Bem sei que a crise grega desviou as atenções para outras paragens – e desviou muito bem, pois uma parte do nosso destino jogou-se entre Bruxelas, Berlim e Atenas –, mas suspeito que há mais, que há sobretudo algum cansaço pela repetição de discursos políticos que parecem não se alterar mês atrás de mês. Até quando, no domingo à noite, uma parte do país se senta em frente da televisão para a homília do professor Marcelo, fá-lo com a sensação de déjà vu, de que até quase seria capaz de adivinhar o número de vezes em que falará de “erros de comunicação” ou de “falta de planeamento”. Mesmo folhetins que ainda há pouco apaixonavam a opinião pública, como o inquérito ao BES ou as visitas à prisão de Évora, parecem estar naquela fase das telenovelas onde se pode ficar uma semana sem ver nenhum episódio que não se perderá o fio à meada.

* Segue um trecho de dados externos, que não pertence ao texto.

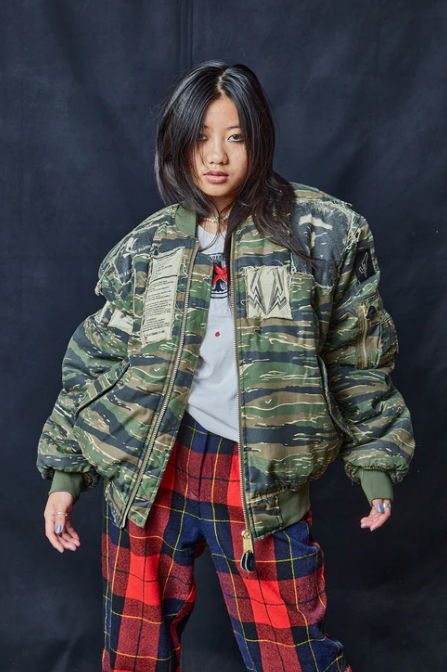 Stuart Trevor Designs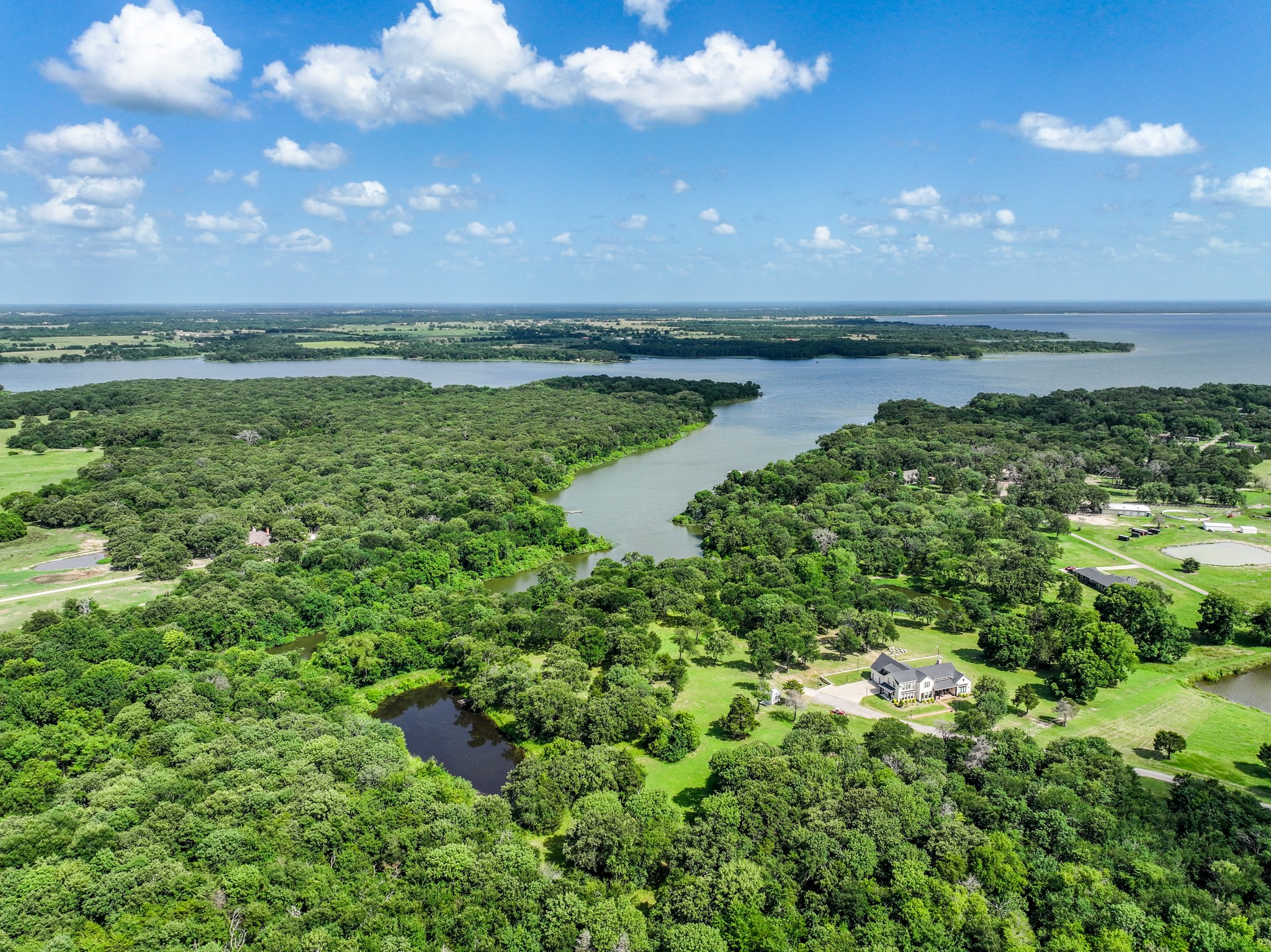 365 Rs Private Road 5529 Point TX 75472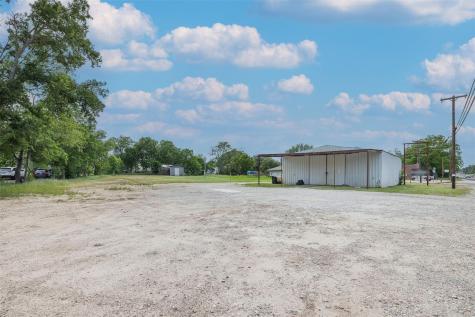 585 State Highway 36 N Caldwell TX 77836
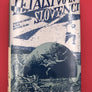 LETALSTVO IN SLOVENCI
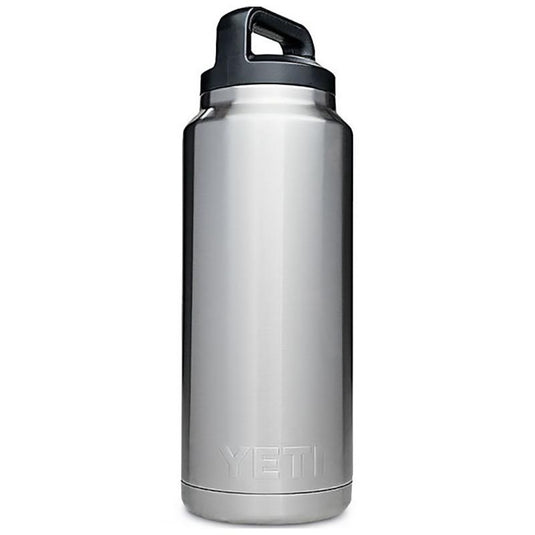 Yeti-rambler-bottle-stainless-steel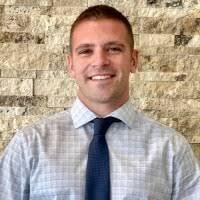 22007 Ridgeway St, Saint Clair Shores, MI 48080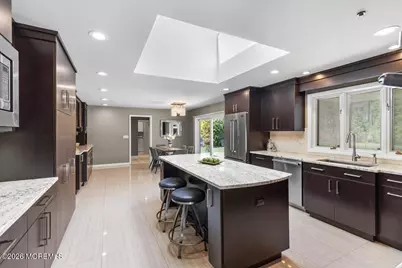 19 Seagull Lane, Lincroft, NJ 07738 - Photo 13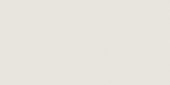 Matte London 12X24 | Glens Falls Tile & Supplies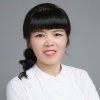 小水竹的头像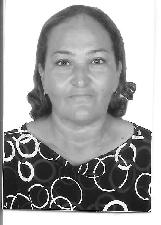 Foto de MARIA JOSE VERAS MACHADO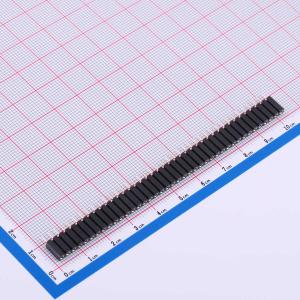 MF254V-11-40-1000-H70商品缩略图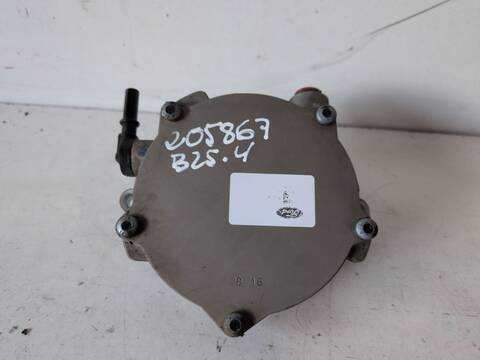 Depresor Freno Bomba Vacio Ford Transit 340 L1 TRANSIT TRAIL 131CV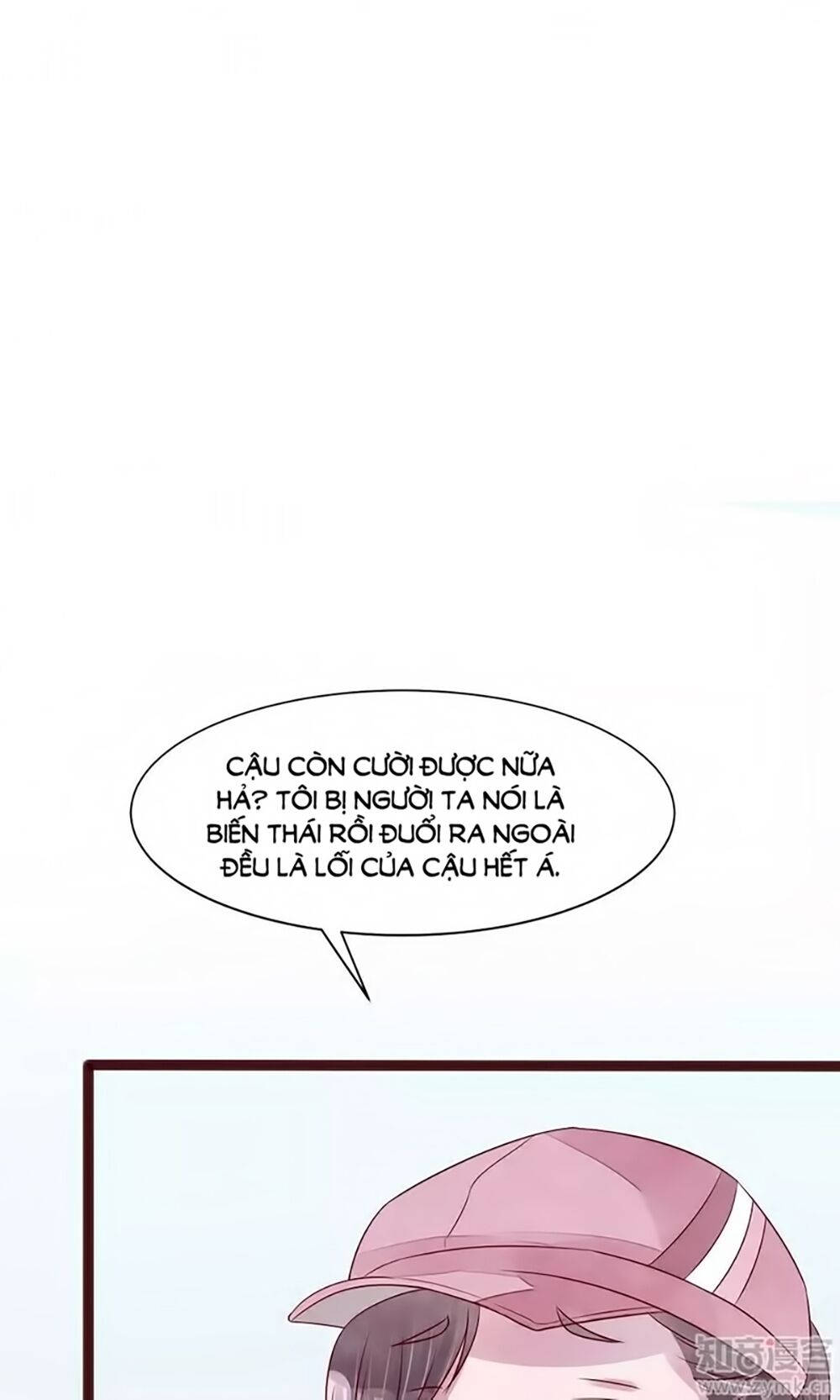 đào tạo nuôi dưỡng bạn trai mèo chapter 4 42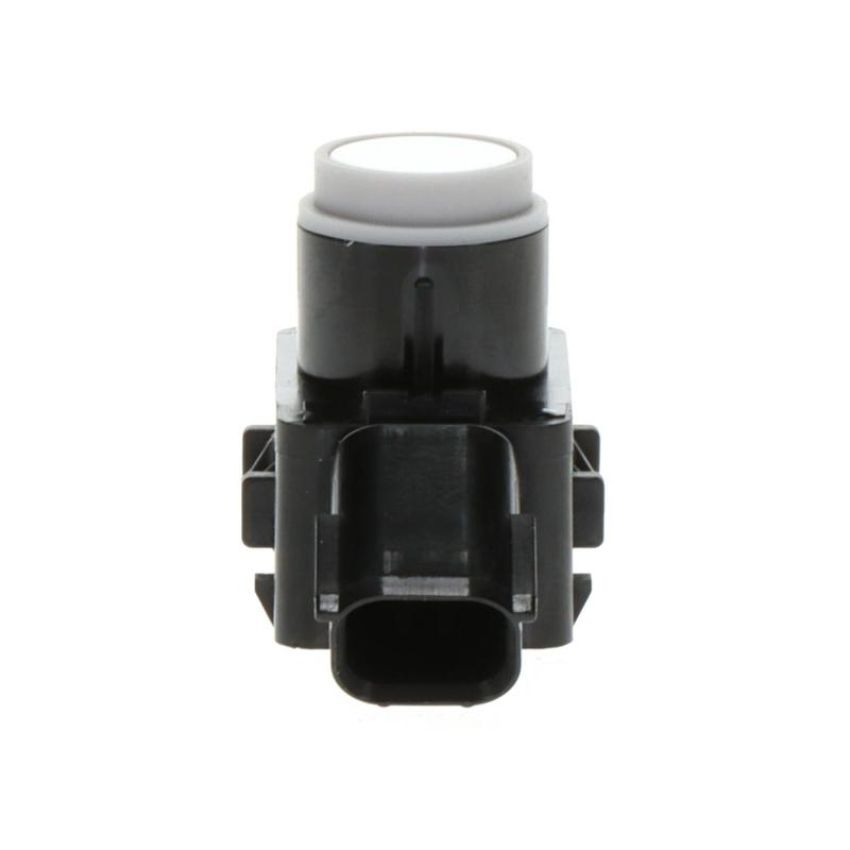Standard Ignition PPS163 Parking Assist Sensor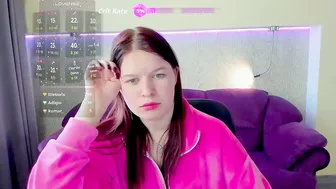annafols recorded nude video 821233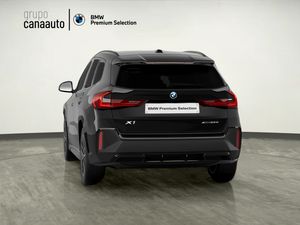BMW X1 xDrive25e 180 kW (245 CV)  - Foto 12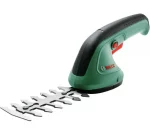 Аккумуляторные ножницы BOSCH EasyShear 0600833303 - Image 2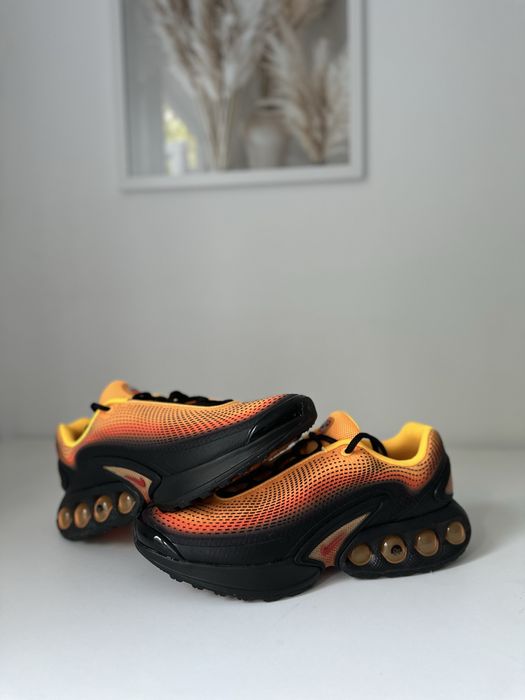 Nike Air Max Dn originali noi 41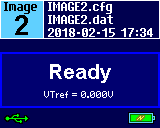FW2 smart meter nolabel.png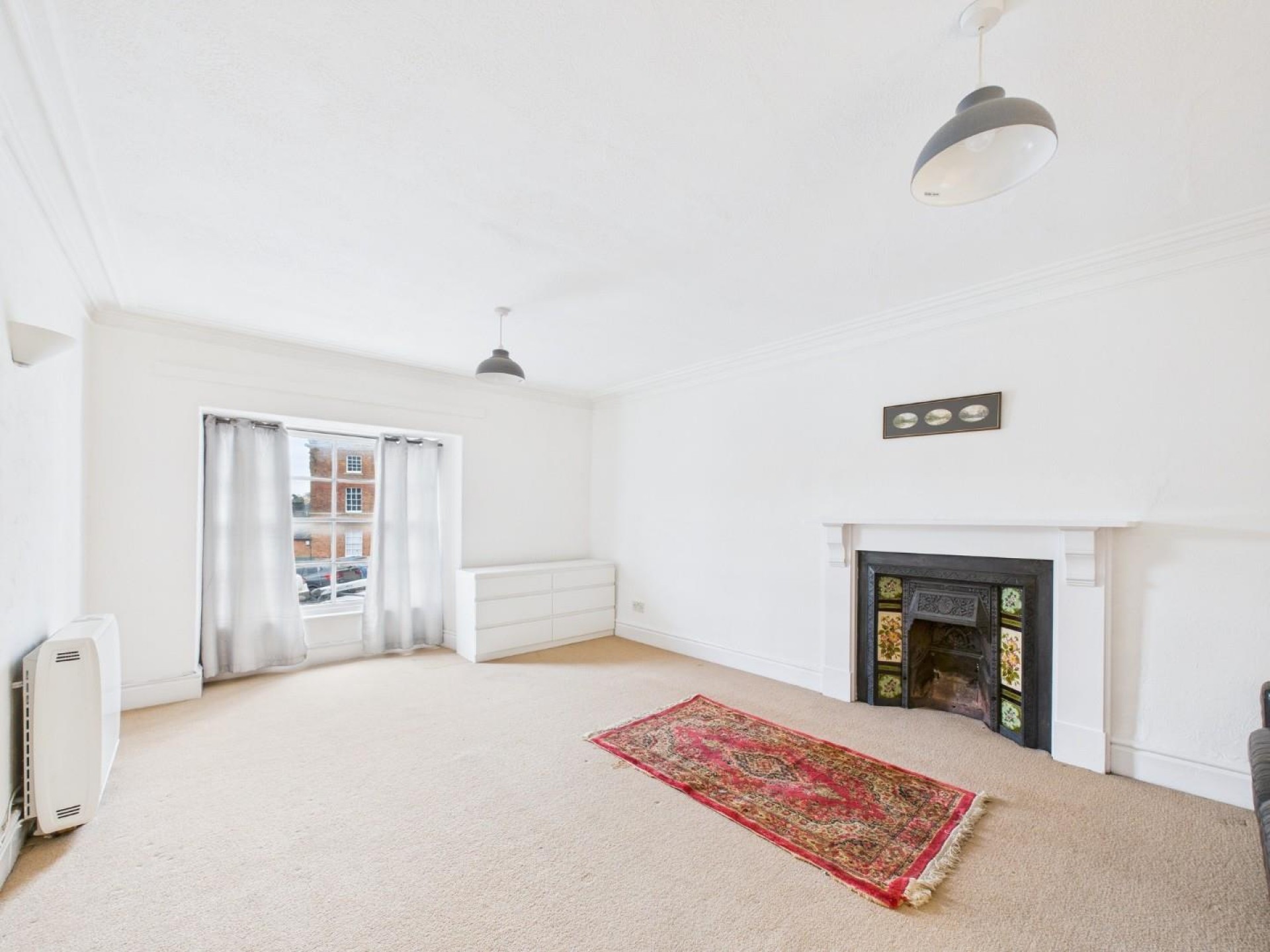 Images for Market Place, Wirksworth, Matlock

Como se tudo isto não fosse suficiente nem sequer aquele que foi apresentado como “o novo Messias”, António Costa, só tem conseguido distinguir-se pela sua habilidade, indiscutível, em evitar comprometer-se seja com o que for.

Ora como a Natureza tem horror ao vazio, a política tem horror ao silêncio e à calmaria. E se é necessário agitar as águas, então fale-se de presidenciais. Mesmo quando faz muito pouco sentido aquilo que se diz e aquilo que se propõe.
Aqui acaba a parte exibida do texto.